Rather than making me feel gloomier, thinking about my mother and the stuff she left behind calmed the cyclone in my head. I was on my way to finish her quest.

Zachary and I arrived at the University of Maryland fifteen minutes early—good thing, because it took ten minutes of driving around the humongous College Park campus to find the right building.

I reached between the seats to get my book bag, then caught a glimpse of myself in the rearview mirror. Mistake.

“Gross, I’m so zombiefied.” I pulled my matted hair forward to cover my puffy eyes. “Dr. Harris’ll think I’m strung out or hungover. Great first impression.”

“Amazing, though.”

“What?”

Zachary started to answer, then brushed his lips with the side of his finger. “No, it’s stupid.”

I’d never seen someone use so much of their mouth for that word. “What’s stupid, besides your mind games?”

“Okay, but if I start, you let me finish.” He spoke to the radio instead of meeting my gaze. “The pieces of you are complete shite today, the bloated eyelids and splotchy skin and your hair all”—he waved his hand—“you know, and all together you should look pure hackit, but somehow you’re more bonnie than ever.”

I rewound his sentence in my head.

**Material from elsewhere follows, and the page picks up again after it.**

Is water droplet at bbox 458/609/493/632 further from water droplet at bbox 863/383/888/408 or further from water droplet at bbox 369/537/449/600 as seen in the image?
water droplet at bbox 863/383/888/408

Zachary’s eyes flicked up to meet mine, and I must’ve seemed pissed, because he said, “Sorry,” and reached for the car door handle.

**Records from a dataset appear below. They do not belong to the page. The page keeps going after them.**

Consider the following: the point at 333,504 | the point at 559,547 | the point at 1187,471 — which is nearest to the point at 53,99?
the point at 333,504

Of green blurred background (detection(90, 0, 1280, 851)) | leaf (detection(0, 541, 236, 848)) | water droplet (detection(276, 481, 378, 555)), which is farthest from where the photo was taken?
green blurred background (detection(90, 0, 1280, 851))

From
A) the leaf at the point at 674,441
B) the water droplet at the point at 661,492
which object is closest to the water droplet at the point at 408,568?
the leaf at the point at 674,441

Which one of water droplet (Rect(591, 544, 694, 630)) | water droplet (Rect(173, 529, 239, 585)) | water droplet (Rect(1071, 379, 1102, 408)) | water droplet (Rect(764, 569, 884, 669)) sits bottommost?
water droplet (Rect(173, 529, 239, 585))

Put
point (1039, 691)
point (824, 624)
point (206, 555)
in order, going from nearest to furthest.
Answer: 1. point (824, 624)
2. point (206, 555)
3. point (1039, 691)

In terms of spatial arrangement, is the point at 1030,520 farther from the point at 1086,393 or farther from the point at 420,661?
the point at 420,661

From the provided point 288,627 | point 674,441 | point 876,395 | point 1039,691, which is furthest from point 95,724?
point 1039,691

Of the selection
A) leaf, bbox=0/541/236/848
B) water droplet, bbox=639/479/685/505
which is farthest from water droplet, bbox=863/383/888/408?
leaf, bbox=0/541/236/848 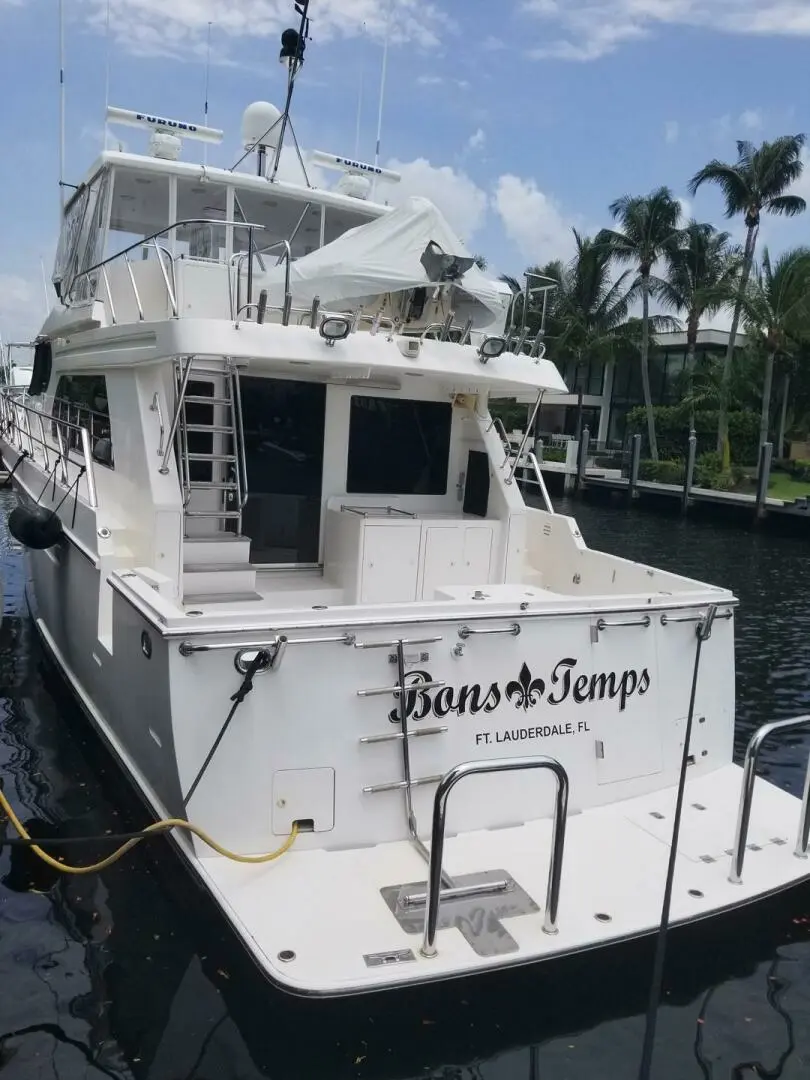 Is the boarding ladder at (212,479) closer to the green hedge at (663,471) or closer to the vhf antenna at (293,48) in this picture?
the vhf antenna at (293,48)

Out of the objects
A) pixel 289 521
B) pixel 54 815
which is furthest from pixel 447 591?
pixel 54 815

“Wait. What’s ‘hackit’? What’s that mean?”

“Ugly. But ‘bonnie’ means—”

“I know what ‘bonnie’ means.”

Zachary held up a hand. “I’m no’ flirting with you, not with your boyfriend just passing. I’m only making an observation.”

I took off my sunglasses to see him better. He didn’t look like he was trying to come on to me. He looked kind of pathetic, actually, for someone who was himself so, uh, bonnie.

“Thanks,” I said, partly because I knew it would shock him if I didn’t get offended. But mostly because his words made me feel better, seeing as I was, objectively speaking, pure hackit.

We stood in the doorway of Dr. Harris’s vacant office. A midnight blue silk tapestry covered the ceiling, speckled with golden spots representing stars in their constellations. An MP3 docking station on
the windowsill behind the desk played a hypnotic synthesizer tune.

Posters and paintings of ancient megaliths were stapled or nailed to the bookshelves, covering all but a few spaces, which held miniature replicas of standing-stone formations. The famous Stonehenge sat next to the grassy dome of Newgrange, which gave me a shiver of recognition.

Dozens of books were stacked on the floor next to the shelves. On the desk facing the door, more volumes stood in foot-high piles along the perimeter. It looked like someone had started to build a fort.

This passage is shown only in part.